Ensaio sobre a saudade tamanha...



       Ontem, pelo palco escolar, os meus jovens alunos vestiram a pele de poeta e fizeram, talvez, as suas primeiras poesias. Resistiram, primeiro, suaram depois para cumprir a tarefa [palavra nada poética]. Após um breve intervalo, unicamente para a ida ao alívio das necessidades, visto que a pandemia não nos larga, voltámos ao recôndito espaço da aula.

    Por detrás de máscaras, literalmente e não metafóricas, lá foram respirando fundo, para a leitura dos versos arrumados com receio. Criaram pequenos textos que leram, que comentaram, que os levaram à gargalhada, ou à mais profunda reflexão. Afinal, o pretenso poema tinha um acréscimo importante: seria a apresentação poética de cada um. Já quase no fim da leitura, surge a expressão, [para não lhe chamar antecipadamente verso], lida com emoção, "recolho-me num grito silencioso". Foi naquele momento que o dia desabou na minha saudade. 
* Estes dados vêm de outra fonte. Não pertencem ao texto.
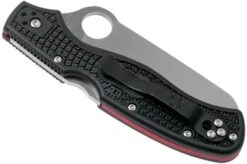 Spyderco Rescue 3 Thin Red Line C14FSBKRD3 Serrated Rescue Knife -Chic Knife Store SPC14FSBKRD3 04 spyderco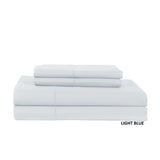 Hotel Concepts 500 Thread Count Sateen Sheet - 4 Piece Set - Lite Blue
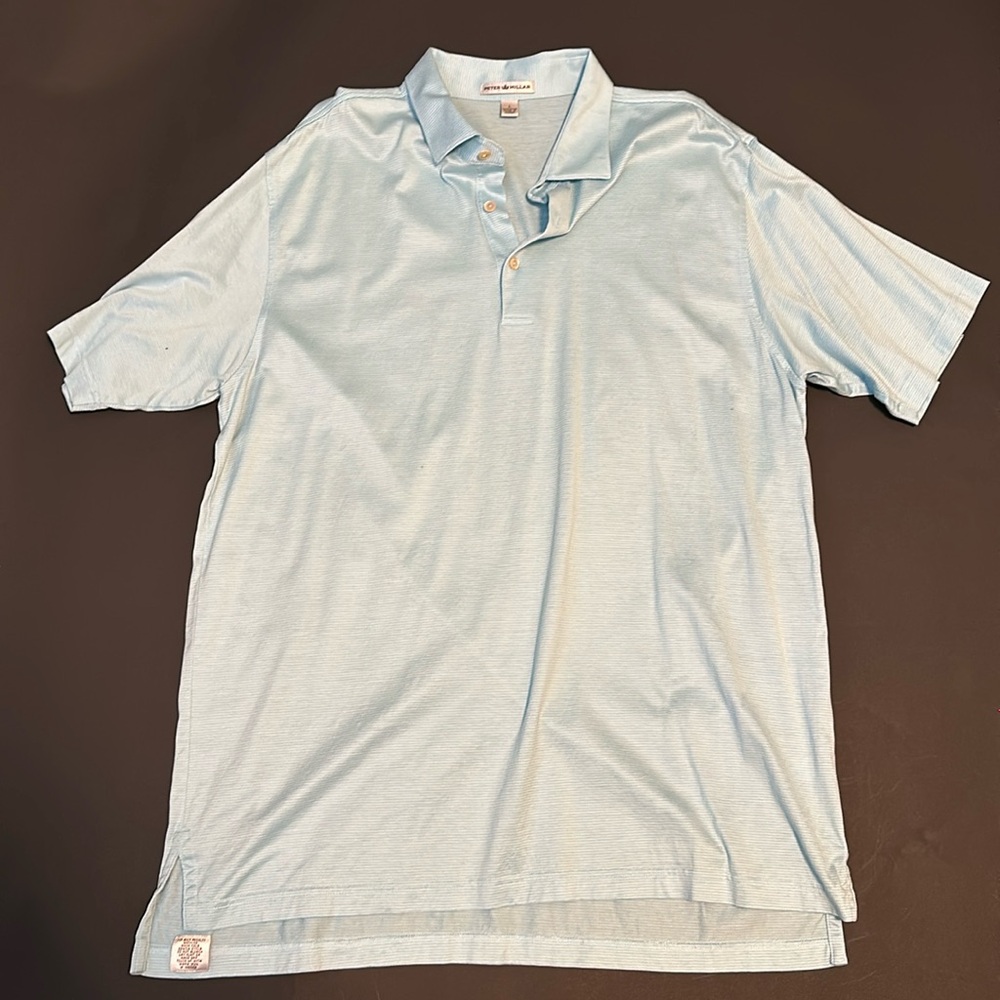 Peter Millar Light Blue Casual Button Down Shirt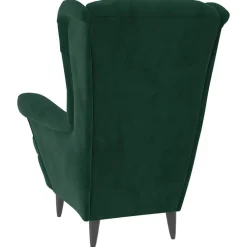 vidaXL Sillón de terciopelo Verde oscuro Hot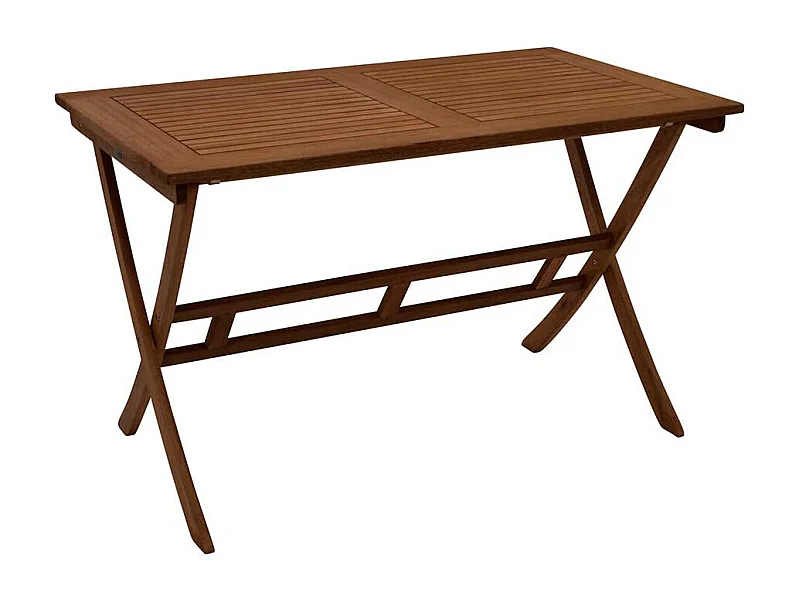 Terrassen Klapptisch aus Eukalyptusholz 120 cm breit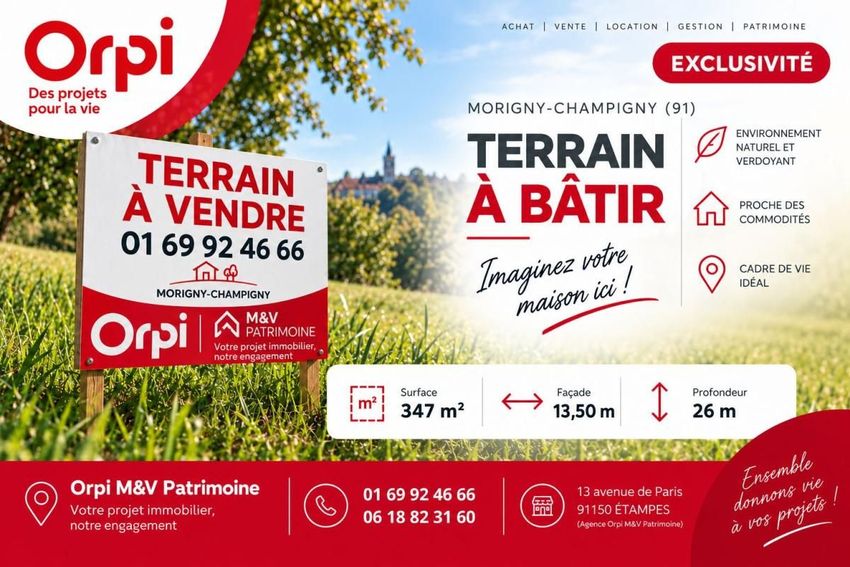 Image de terrain à Morigny-Champigny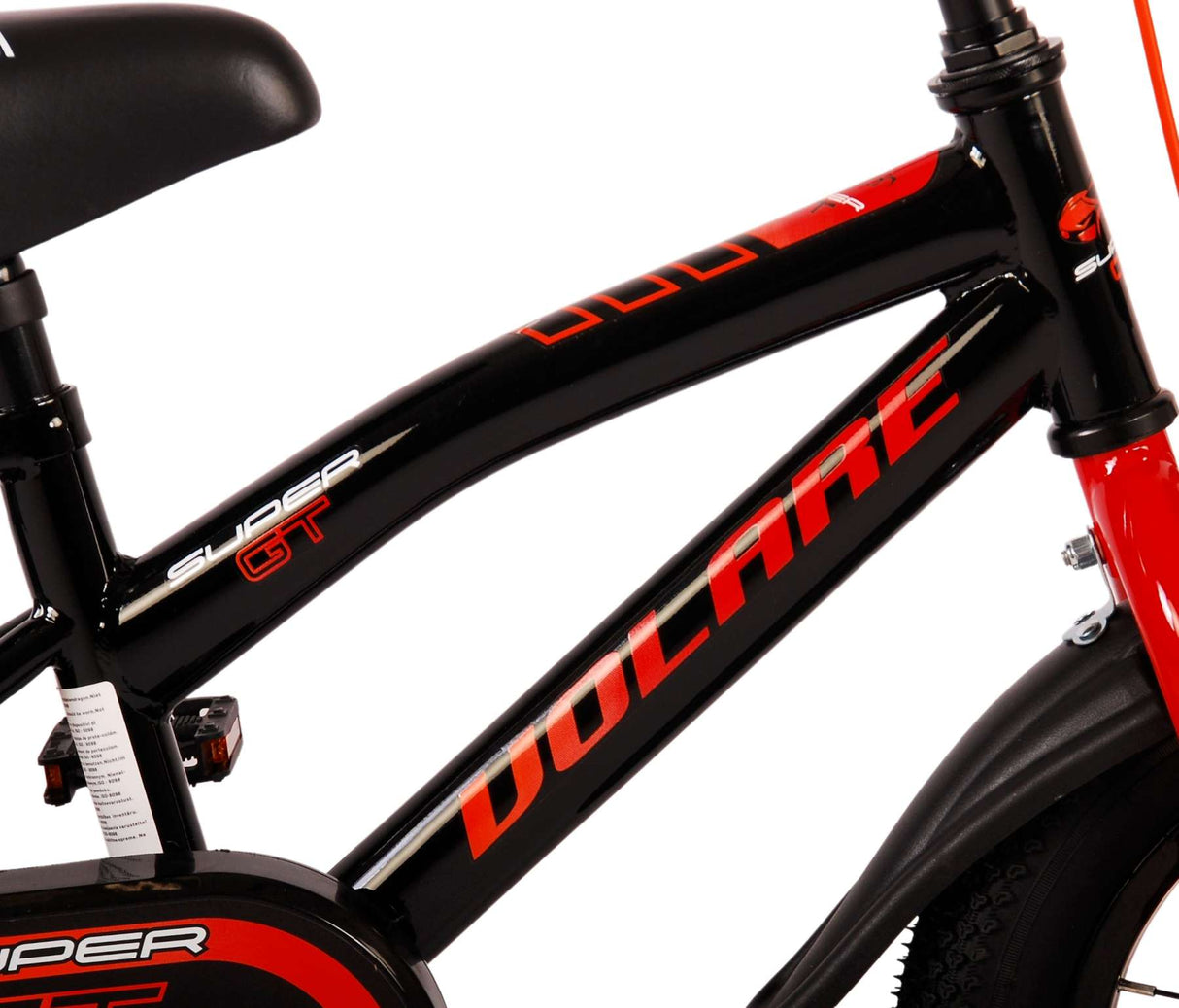 Volare Super GT Kinderfahrrad - Jungen - 12 Zoll - Rot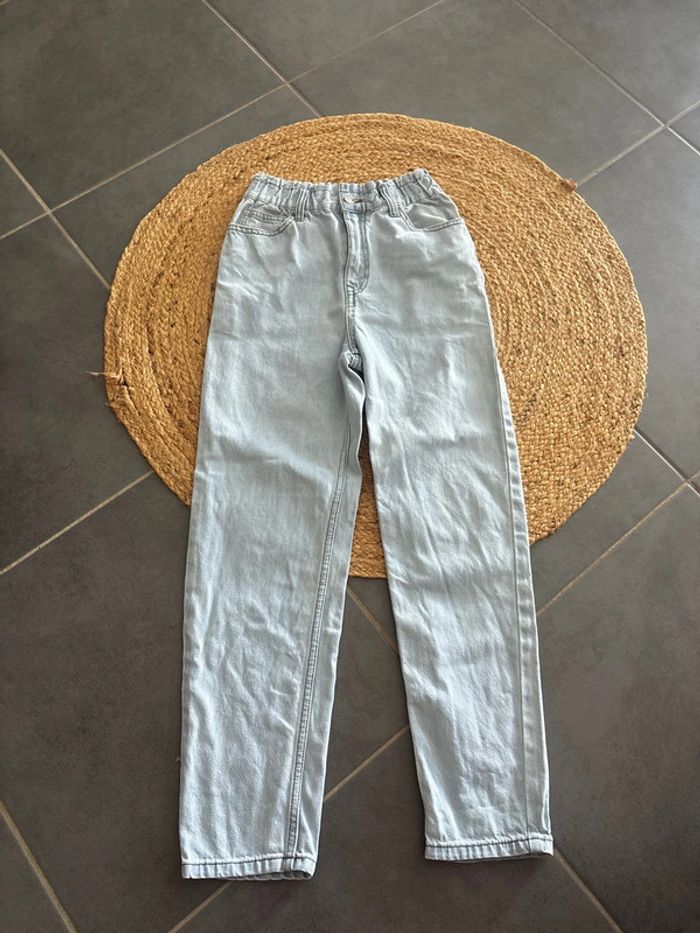 Jeans taille haute claire - photo numéro 2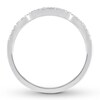 Thumbnail Image 1 of Diamond Wedding Band 1/8 ct tw Round 14K White Gold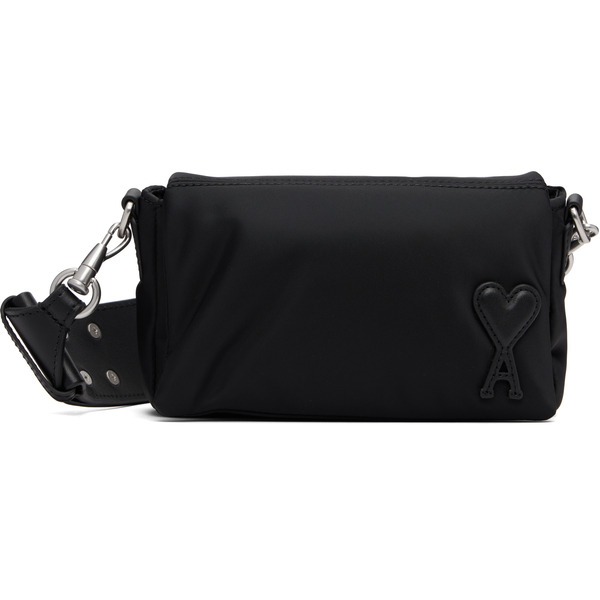  Ami Paris Black Nylon Marcel Lunch Box Bag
    Uma saudade tamanha da minha amiga, perdida, em maio, sem que eu tivesse tido tempo de interiorizar que o seu tempo acabava. Uma saudade tamanha do seu humor cáustico, da sua gargalhada sincera, dos seus conselhos, nunca pedidos, sempre oportunos... uma saudade tamanha da presença tão sua, tão Célia.

     "Um grito silencioso" escreveu o meu jovem, feliz por ter conseguido a antítese há pouco aprendida. O recurso expressivo lembrou-me que era dia de aniversário. Só não haveria bolo, nem cantorias desafinadas, não haveria presentes de papel rasgados ao jantar. Só porque tu já não estás.